Barry Bostwick definitely gives the best performance of the movie, gleefully sinking his teeth into the role of the slimy military villain. The man's been in a lot of crap, but he's a pro and fun to watch. The rest of the cast mostly avoid hurting anyone's feelings, and Kim Delaney manages to give her awful dialogue (again, Bostwick is the only one who got any fun lines) an undeserved amount of effort, and really sells one of cinema's most unpleasant foot traumas (an explosion drives a piece of rebar into the outside top of her foot and out through the inside of the arch – gah).

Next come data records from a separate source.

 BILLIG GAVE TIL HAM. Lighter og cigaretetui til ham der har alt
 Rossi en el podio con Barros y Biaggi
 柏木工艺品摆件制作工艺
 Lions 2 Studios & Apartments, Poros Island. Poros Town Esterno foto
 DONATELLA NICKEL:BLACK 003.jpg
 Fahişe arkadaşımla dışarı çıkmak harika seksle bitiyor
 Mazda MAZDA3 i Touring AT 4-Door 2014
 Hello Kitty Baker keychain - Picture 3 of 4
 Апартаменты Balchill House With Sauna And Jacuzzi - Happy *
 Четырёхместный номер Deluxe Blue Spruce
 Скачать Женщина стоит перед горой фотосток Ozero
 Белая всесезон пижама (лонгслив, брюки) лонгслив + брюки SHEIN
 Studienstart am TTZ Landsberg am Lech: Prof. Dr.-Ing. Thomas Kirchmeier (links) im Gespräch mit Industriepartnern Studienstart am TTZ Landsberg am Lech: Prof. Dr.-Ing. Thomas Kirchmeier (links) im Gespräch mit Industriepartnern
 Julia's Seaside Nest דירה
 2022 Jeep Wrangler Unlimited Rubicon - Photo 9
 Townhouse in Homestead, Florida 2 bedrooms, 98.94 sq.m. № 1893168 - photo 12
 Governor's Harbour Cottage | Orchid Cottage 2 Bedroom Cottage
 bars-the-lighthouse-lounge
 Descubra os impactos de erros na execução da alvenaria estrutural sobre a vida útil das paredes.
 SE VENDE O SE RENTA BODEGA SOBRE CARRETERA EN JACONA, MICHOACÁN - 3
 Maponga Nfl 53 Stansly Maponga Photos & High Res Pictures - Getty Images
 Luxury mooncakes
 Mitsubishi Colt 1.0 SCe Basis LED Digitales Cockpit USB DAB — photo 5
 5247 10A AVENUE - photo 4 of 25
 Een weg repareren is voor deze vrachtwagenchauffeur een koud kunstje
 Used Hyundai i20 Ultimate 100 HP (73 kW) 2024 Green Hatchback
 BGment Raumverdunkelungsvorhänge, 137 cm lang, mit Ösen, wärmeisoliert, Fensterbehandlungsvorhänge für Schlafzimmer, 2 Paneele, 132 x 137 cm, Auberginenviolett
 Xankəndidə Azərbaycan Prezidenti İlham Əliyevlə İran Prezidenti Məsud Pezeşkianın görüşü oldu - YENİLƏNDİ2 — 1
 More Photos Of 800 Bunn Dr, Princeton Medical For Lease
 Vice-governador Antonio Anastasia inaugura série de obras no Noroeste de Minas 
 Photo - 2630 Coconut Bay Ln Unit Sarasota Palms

The movie does have an interesting structure though. It's really three short movies in one. The opening segment, with the werewolf super soldier program, really seems like it should be a whole movie in its own right, but just when it gets going, BANG! It's over, and we move on to an admittedly really lousy pastiche of a pure research science fiction movie like Andromeda Strain, but stupid. Then just when that's actually starting to get interesting, we get the stalk-and-slash we were expecting to come after Butler shot up with werewolf blood. It does tend to drag a little when all you really want is some monster mayhem, but I think it was a smart move on the filmmakers' part, because by the time we do finally get some Metalbeast action, we've been waiting for it for so long it just enhances the excitement, like waiting to open your Christmas presents til after lunch.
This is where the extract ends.